WORKING DATA:
=== Section Start ===

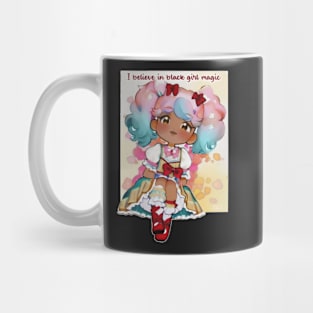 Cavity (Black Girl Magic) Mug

=== Section End ===
=== Section Start ===

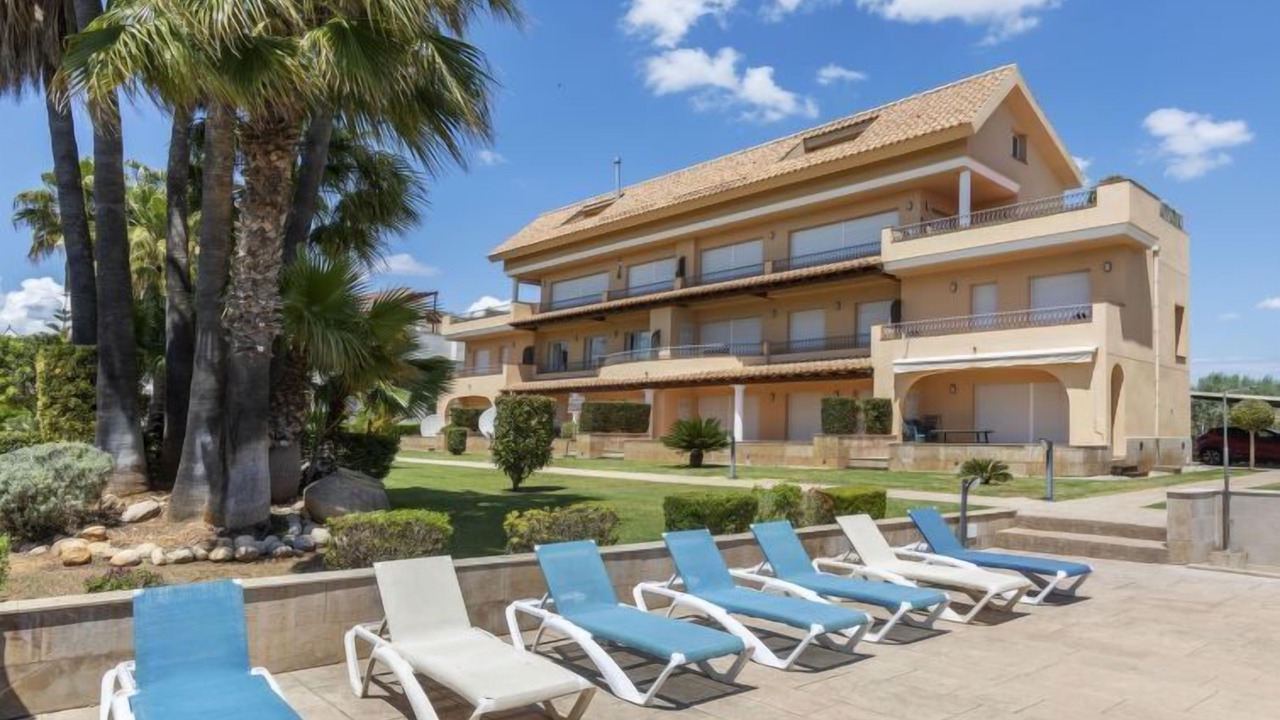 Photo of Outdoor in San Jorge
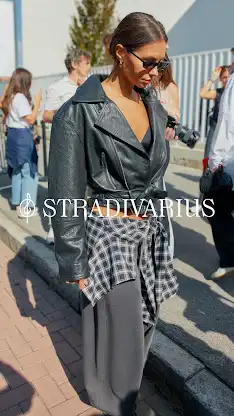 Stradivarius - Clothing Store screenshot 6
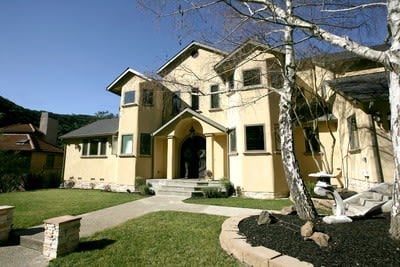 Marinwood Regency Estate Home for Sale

=== Section End ===

EXERCISE OBJECTIVE: Once the line with "Stradivarius - Clothing Store screenshot 6" is found above, print it and every line after it through the line with "Marinwood Regency Estate Home for Sale", exactly. Pictures stay out.

SOLUTION TO THE PROBLEM:
 Stradivarius - Clothing Store screenshot 6
 Marinwood Regency Estate Home for Sale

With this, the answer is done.